As far as "Public Domain" images go, if you discover this when you click on "Visit Page" ...
... you are basically Scot-free to use them. As with literature and music, once an image is listed as Public Domain, it belongs to everyone, with no rights retained by any form of private ownership whatsoever.
Join me on the next, and final page, for a summary and conclusion...
"So, as long as you use the image exactly as it is, without modifying it in any way, you are free to do so."
Does that include the name of the picture and it's extension?
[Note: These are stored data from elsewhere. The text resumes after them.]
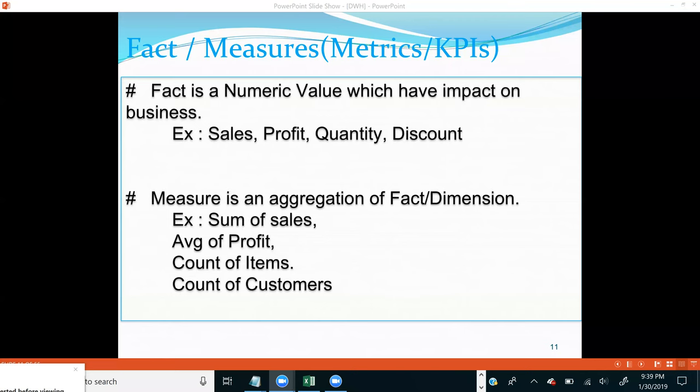Does anyone have questions so far on what is a dimension, what is a fact, and what is a measure? These are very important basics you need to understand before we move further.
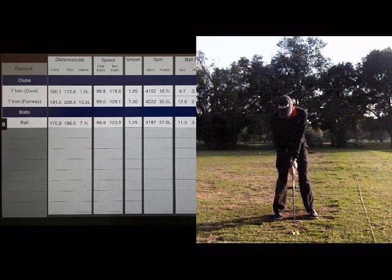This week we used the Flightscope to see what the effect would be of hitting the ball from a clean lie and then out of a divot. As you can see with the 7 iron, the difference was over 30 yards, which is really a lot.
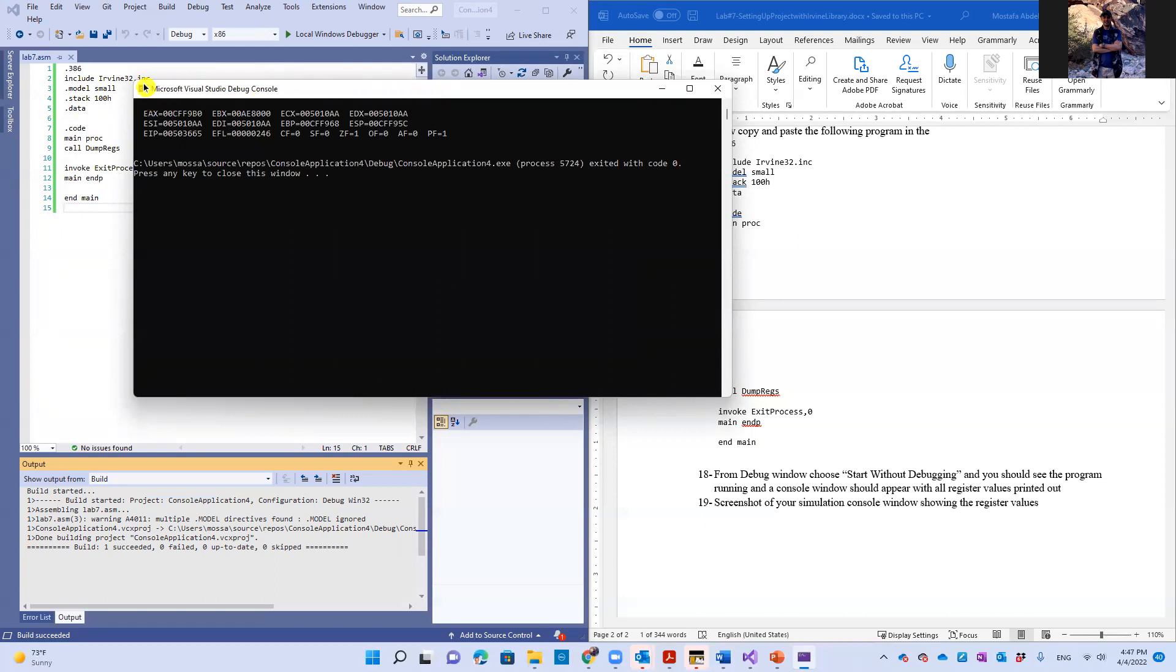Of course, you should take a screenshot of that window and put it in your report and file the report back. Okay guys. That was it for lab seven. Thank you very much. And see you in the next level. Bye.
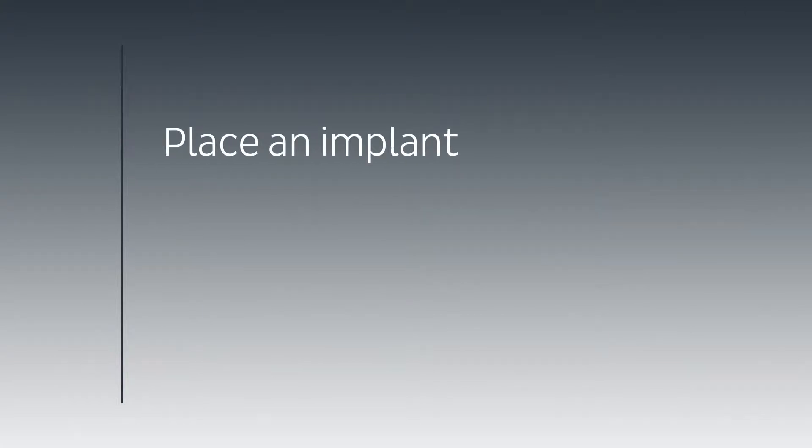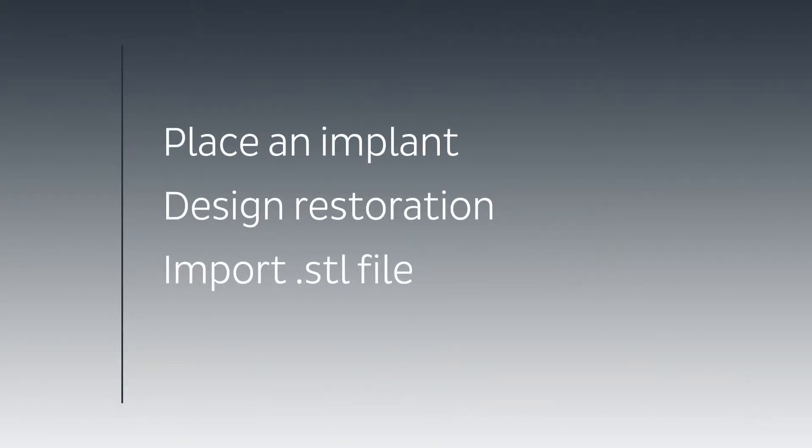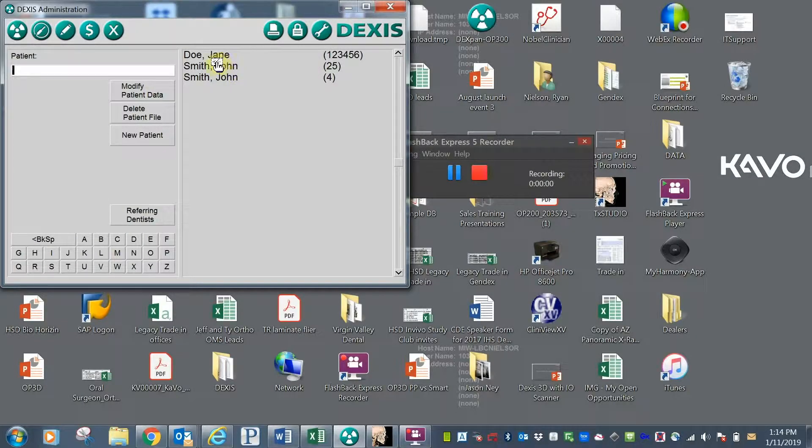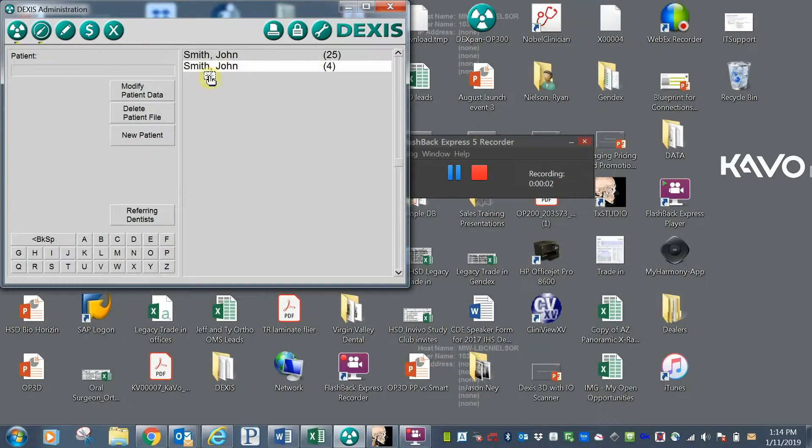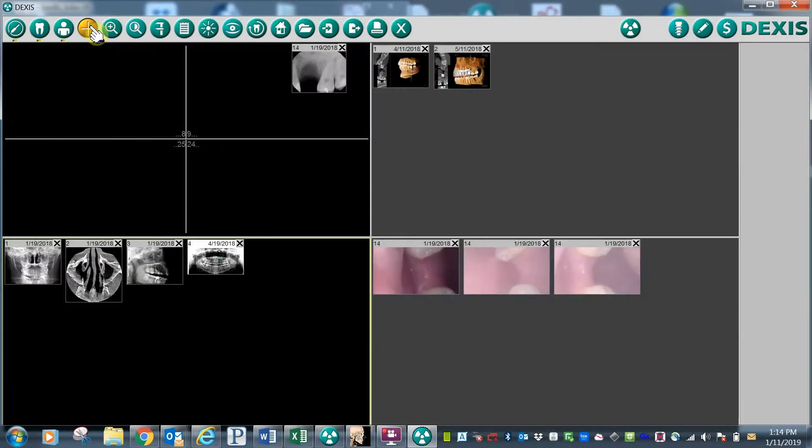We will be showing you how to place an implant, design your restoration, and import an STL file from any open-source digital impression scanner. To get started, simply open your practice management or imaging software. In this example, we are using DEXIS software.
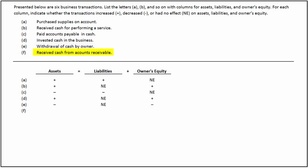In the sixth transaction, the business receives cash from accounts receivable. It reduces accounts receivable, which in turn decreases assets. On the other hand, it increases cash, which in turn increases assets. As there is an equal increase and decrease in assets, the transaction has no effect on total assets. Since only assets were affected, there is no effect on liabilities and owner's equity.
If so, what if I need to change it to a .png or .jpg or .gif or .bmp?
You advise the learner to do a Google Search, if this is indeed where you want the search to start, they will not be able to follow the rest of the tutorial as you are assuming that they know the difference between a Google Search Bar and a Google IMAGE Search Bar.
The latter is the one you are referring to and is the image/screenshot you are alluding to.
So, either you need to change the wording to Google Image Search, or you need to put an extra step in the tutorial to advise them to do a Google Images Search, this will then give them the a list of websites, and then they click on Google Images which will THEN render the Google Image Search bar.
Hope this makes sense.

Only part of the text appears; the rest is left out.